Since these chips already are in the final epoxy package, the DRAM manufacturers sell them as downgrade or C-grade chips. To protect the DRAM manufacturer, these downgrade transactions usually are sold with an agreement that the buyer not expose the origin of the chips.
Downgrade Memory-Module Manufacturers
There is a class of memory-module manufacturers commonly known as downgrade manufacturers. Rather than use DRAMs from the regular channel, these manufacturers buy C-grade DRAMs from regular memory-chip manufacturers and produce what generally are termed OEM memory modules.
Since these chips are known-bad chips, they first must go through stringent tests and be separated into different failure classifications. According to the classification and the test result, these chips are assembled onto specially designed DIMM PCBs that can turn partially bad chips into a working memory module.
How Downgrade Chips Are Sorted
C-grade memory chips can be tested and classified into the following categories:
- All bits functional.
- Partially good with address line fault.
- Partially good with data line fault.
- Not functional.
The objective is to find out which bits are good and usable. For example, a 32-Mb × 8 chip might only have 4 bits bad; the remaining 4 bits are usable. As a result, these chips still can be made into a good memory module using 16 chips instead of the regular eight chips.

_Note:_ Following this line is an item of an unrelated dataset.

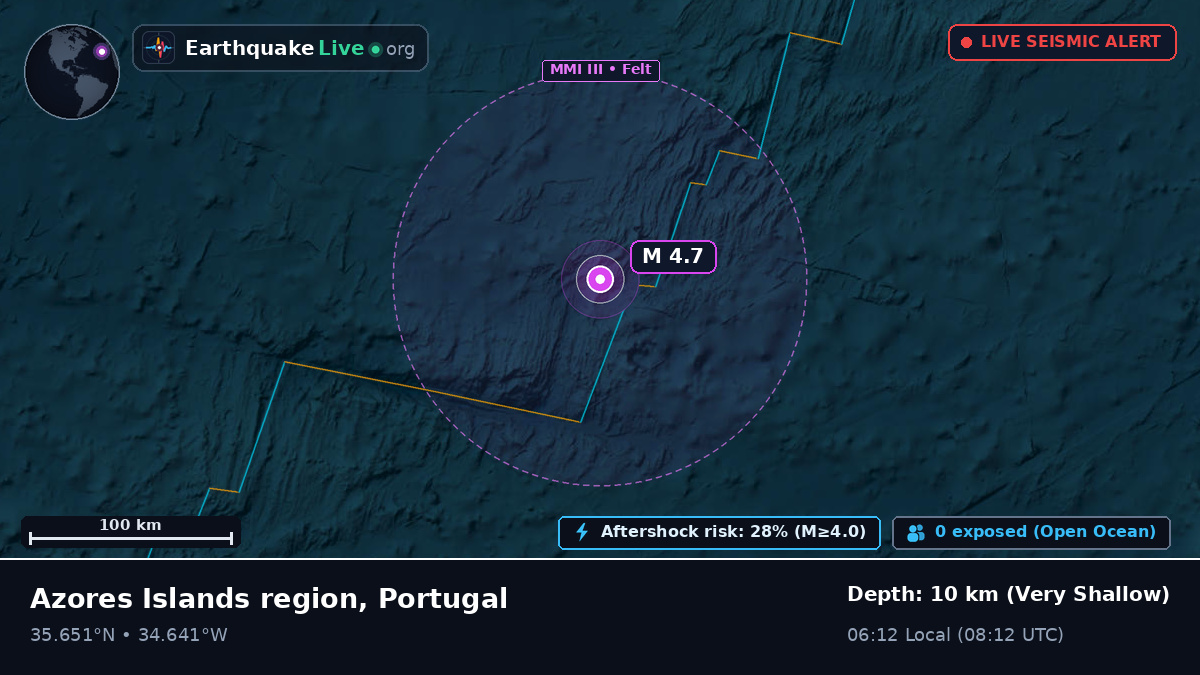 North Atlantic Ocean (Portugal)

To make the classification simple, the good bits in a × 8 downgrade DRAM are indicated by A, B, C, and D (Figure 1). A represents D0 and D1 (data line #0 and data line #1), B for D2 and D3, C for D4 and D5, and D for D6 and D7. If a × 8 DRAM has D0 to D3 as good bits, the chip would be classified as an AB. Likewise, a DRAM chip with D4 to D7 good would be classified as a CD. There are 11 combinations:
Four bits good: AB, AC, AD, BC, BD, CD
Six bits good: ABC, ABD, ACD
Eight bits good: ABCD
Eight bits bad: Blank
Equipment Used for Downgrade Testing
Downgrade memory-chip sorting usually is done in third-world countries where labor costs are low. This is due to the long and tedious categorization that requires human intervention. The process also is performed on very low-cost equipment.
First, there is a chip carrier that looks like a DIMM. Instead of soldered-down TSOP package DRAM chips, the carrier has TSOP test sockets. Eight chips can be plugged into the eight sockets. The entire chip-carrier module then is tested as if it were a DIMM. The test can be performed on a motherboard or a low-cost memory-module tester.
The downgrade test motherboard is no different from a regular CPU board. However, the software is quite different. This custom software usually resides in the system BIOS to provide direct control of the memory port and directly distinguishes the combination of bit failures.
The advantage is the capability to test two carrier modules with eight chips each at the same time. However, the test takes more than 10 minutes to complete. Also, the BIOS software normally is quite expensive and becomes obsolete with each generation of motherboard.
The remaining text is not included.